Exercise
For each line below that includes the word "coffee", make a copy.

(Collected data)
[Start of section]
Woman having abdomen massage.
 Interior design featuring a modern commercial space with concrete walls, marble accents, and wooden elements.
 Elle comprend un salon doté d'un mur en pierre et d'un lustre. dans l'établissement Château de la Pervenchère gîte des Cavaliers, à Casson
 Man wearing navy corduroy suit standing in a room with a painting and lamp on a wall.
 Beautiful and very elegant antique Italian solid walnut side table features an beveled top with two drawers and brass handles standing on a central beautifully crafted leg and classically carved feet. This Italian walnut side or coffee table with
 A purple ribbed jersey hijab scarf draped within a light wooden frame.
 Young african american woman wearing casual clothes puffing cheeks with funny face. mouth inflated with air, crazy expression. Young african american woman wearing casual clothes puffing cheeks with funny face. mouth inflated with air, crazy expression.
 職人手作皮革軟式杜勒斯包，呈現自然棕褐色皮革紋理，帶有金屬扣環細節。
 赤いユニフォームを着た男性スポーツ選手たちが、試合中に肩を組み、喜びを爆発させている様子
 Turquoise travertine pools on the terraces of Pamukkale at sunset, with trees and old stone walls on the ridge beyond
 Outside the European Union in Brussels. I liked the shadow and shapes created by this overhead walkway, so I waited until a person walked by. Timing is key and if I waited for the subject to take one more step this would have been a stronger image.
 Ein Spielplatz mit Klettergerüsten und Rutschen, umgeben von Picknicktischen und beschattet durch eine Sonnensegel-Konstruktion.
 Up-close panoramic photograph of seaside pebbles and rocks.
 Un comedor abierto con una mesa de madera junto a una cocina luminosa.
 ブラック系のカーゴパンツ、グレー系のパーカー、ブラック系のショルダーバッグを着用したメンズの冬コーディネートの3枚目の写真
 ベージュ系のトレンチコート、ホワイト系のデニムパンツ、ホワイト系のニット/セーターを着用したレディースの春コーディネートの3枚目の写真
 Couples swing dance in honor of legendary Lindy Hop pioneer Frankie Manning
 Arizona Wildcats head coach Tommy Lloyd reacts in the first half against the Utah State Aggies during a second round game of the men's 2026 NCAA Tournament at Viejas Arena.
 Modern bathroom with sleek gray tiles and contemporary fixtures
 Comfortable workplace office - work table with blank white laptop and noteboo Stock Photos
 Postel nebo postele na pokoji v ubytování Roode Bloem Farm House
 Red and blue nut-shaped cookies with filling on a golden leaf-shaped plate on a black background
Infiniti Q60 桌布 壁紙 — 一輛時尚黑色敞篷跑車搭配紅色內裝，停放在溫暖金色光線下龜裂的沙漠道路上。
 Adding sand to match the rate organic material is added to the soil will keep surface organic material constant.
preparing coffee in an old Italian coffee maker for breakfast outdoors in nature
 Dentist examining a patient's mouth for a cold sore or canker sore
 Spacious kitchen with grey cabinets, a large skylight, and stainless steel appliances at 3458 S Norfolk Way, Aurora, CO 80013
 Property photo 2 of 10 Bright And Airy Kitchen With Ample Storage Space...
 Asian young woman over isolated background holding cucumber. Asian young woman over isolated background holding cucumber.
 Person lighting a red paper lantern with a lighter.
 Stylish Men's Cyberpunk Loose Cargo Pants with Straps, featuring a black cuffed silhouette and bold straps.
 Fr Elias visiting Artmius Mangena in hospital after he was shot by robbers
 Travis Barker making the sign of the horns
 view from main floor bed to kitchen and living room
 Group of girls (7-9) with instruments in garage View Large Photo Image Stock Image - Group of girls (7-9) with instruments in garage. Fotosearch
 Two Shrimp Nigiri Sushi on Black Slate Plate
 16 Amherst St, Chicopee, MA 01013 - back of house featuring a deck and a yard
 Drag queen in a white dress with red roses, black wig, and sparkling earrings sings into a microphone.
[End of section]
Exercise response
 Beautiful and very elegant antique Italian solid walnut side table features an beveled top with two drawers and brass handles standing on a central beautifully crafted leg and classically carved feet. This Italian walnut side or coffee table with
preparing coffee in an old Italian coffee maker for breakfast outdoors in nature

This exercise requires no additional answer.